Because, hot damn, they were frustrating a day or so ago. To recap, Nowhere Prophet is a turn based game in which you balance food and hope versus progress and better gear, and the life of your followers versus your own life, because, in the fights, it’s a Hearthstone style of “Play units, play leader cards, get one more energy than the last turn, and your goal is to kill the leader.” There, a nice executive summary.

What complaints I have essentially still remain: Some decks are damn good, especially in the enemy’s hands, and the AI plays its deck well, grinding you down quite efficiently. Which is why the difficulty setting restatement is welcome: The AI does not play any better or worse on any difficulty, but does have less synergy in their own decks, and less powerful cards. On “Burdened” difficulty (Previously described as “Normal”), some of those decks can be, for want of a better word, bloody evil. But I’ve talked about things like Taunt and Armour boys before, so we’ll instead move on to bosses.

Oh no. Oh no. I am not ready for taunt/armourboi funtimes!

As mentioned, each checkpoint now has a boss fight, against one of 10 bosses (One for each of the factions), and the toning down has been good, because previously, some were intriguing, but many were downright frustrating, like the Union Bulwark essentially being the ultimate Taunt-Armour Boy, or the Blue Devil Tormented’s ability to level up all of his hand if you murder one of his folks. Now, those abilities are toned down, and, in some cases, limited to once a turn, for a limited number of turns, or both. Which means I can actually be excited about King Lizard’s clever trick without looking like a masochist.

King Lizard, on release, essentially straight up wounded/killed whoever attacked him when he didn’t have armour (Your Leader cards don’t count.) But now, it’s only the first unit a turn, and that is still tactical (Who do I sacrifice for the most gain?) without, for example, waiting to buff up some of your units so they really count toward that goal. Each has their own schtick, and it’s relatively easy to understand from the tooltips and what you’ve encountered of a faction.

Okay, so maybe I was. But I wasn’t in shape for what came next, and died.

I will say that, while there’s definitely a lot of replay value (even having beaten the game, there’s more I want to find), the final unlockable ability of convoys is brought about by beating… 25 bosses. And that, honestly, is expecting a bit much, considering there’s nine tribes to unlock this for, and four leaders, some of which you can only unlock through certain circumstances.

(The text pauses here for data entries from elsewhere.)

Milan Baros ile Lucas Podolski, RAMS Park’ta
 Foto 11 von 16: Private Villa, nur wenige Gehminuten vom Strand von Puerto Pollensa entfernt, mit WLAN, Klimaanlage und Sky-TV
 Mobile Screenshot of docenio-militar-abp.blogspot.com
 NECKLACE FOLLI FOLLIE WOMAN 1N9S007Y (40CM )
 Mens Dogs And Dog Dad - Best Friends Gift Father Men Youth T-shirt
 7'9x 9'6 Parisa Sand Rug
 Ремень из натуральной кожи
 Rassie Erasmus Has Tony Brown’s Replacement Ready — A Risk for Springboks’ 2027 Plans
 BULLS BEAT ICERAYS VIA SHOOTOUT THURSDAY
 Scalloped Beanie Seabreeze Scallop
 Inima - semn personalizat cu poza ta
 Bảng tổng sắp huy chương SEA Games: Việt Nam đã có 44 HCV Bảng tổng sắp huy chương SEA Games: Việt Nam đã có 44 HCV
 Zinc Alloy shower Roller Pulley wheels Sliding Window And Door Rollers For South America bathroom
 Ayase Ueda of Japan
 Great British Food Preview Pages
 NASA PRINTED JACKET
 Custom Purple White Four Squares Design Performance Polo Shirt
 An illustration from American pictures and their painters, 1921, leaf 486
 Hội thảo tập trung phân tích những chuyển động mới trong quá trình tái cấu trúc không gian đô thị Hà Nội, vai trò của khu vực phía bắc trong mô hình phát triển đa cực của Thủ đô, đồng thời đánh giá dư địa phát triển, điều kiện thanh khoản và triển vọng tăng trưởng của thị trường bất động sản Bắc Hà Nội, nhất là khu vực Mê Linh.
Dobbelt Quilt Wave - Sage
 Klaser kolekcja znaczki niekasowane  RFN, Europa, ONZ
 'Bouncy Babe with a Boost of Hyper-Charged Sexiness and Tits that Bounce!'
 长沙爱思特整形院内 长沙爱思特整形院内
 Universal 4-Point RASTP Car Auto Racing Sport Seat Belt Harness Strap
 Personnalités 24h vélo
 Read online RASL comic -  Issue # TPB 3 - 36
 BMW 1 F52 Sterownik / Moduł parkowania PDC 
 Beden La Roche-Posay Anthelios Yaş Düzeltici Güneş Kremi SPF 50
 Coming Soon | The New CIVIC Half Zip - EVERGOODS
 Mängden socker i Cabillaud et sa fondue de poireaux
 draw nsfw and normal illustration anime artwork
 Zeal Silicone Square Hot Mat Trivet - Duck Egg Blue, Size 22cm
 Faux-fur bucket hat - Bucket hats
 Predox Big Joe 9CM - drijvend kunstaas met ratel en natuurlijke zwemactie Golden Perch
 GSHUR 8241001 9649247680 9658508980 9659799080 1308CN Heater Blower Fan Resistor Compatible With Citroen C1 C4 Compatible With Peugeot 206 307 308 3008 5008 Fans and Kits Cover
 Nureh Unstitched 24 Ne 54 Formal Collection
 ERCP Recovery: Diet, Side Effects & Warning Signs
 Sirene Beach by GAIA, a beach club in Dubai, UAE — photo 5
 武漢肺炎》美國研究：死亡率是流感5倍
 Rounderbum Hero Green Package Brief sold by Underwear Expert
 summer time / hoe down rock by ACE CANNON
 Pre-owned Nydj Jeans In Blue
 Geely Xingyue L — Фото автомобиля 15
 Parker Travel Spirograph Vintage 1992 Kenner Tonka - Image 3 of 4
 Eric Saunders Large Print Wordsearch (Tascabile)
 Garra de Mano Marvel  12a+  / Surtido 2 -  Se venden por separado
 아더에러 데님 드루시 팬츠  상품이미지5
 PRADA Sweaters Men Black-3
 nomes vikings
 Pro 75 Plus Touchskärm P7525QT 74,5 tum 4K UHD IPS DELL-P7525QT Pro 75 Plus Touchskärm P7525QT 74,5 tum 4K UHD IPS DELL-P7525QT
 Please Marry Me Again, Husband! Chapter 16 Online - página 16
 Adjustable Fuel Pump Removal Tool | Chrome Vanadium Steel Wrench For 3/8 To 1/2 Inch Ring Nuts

Still, overall, it’s visually impressive, its music is good, and even with that brief day one hiccup, it shows promise, with its daily challenges adding a little spice to the game. I would recommend this, because it does have some clever ideas, and playing it on the easier settings is not a guilt trip.

The Mad Welshman says Rusters are People too. This is in no way due to the nanocontrollers in his head.